**LISTED ENTRIES:**
=====

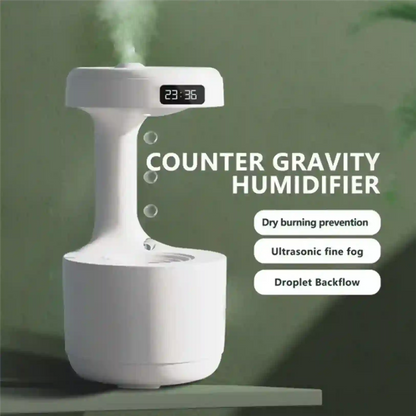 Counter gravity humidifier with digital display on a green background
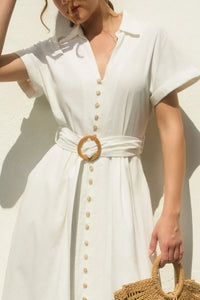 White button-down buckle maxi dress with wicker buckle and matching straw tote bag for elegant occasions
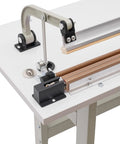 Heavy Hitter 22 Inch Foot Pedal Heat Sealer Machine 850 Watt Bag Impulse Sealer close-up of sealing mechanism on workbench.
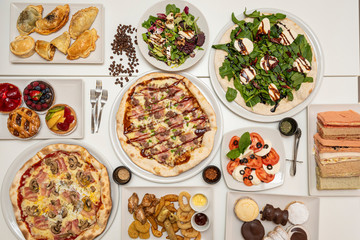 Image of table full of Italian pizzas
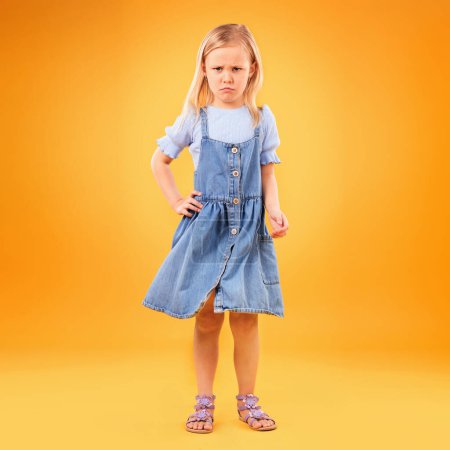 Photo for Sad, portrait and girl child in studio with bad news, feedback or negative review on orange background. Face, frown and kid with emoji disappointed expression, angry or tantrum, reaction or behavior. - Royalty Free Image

=====

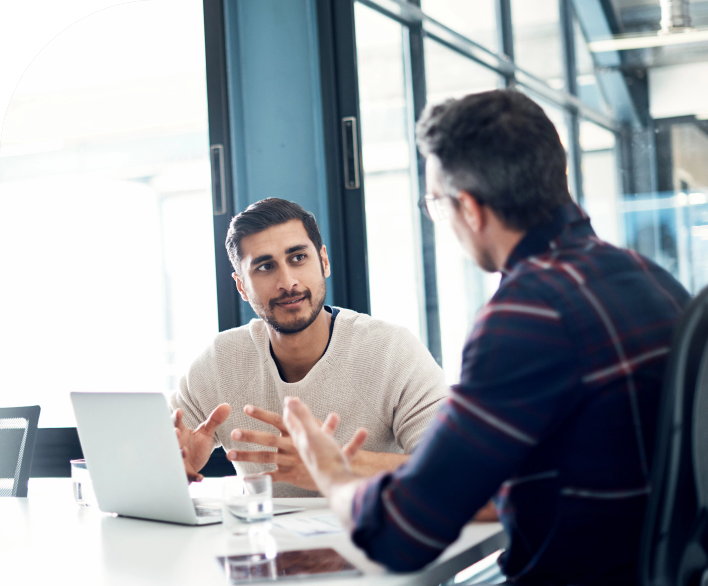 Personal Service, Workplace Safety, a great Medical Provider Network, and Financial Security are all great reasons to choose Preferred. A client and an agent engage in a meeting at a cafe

=====

**EXERCISE REQUIREMENTS:** Produce an exact reproduction of the listing above, limited to the lines starting at the line with "Counter gravity humidifier" and ending at the line with "Photo for Sad, portrait", both kept, with every picture left out.

**WRITTEN SOLUTION:**
 Counter gravity humidifier with digital display on a green background
 White button-down buckle maxi dress with wicker buckle and matching straw tote bag for elegant occasions
 Heavy Hitter 22 Inch Foot Pedal Heat Sealer Machine 850 Watt Bag Impulse Sealer close-up of sealing mechanism on workbench.
 Image of table full of Italian pizzas
 Photo for Sad, portrait and girl child in studio with bad news, feedback or negative review on orange background. Face, frown and kid with emoji disappointed expression, angry or tantrum, reaction or behavior. - Royalty Free Image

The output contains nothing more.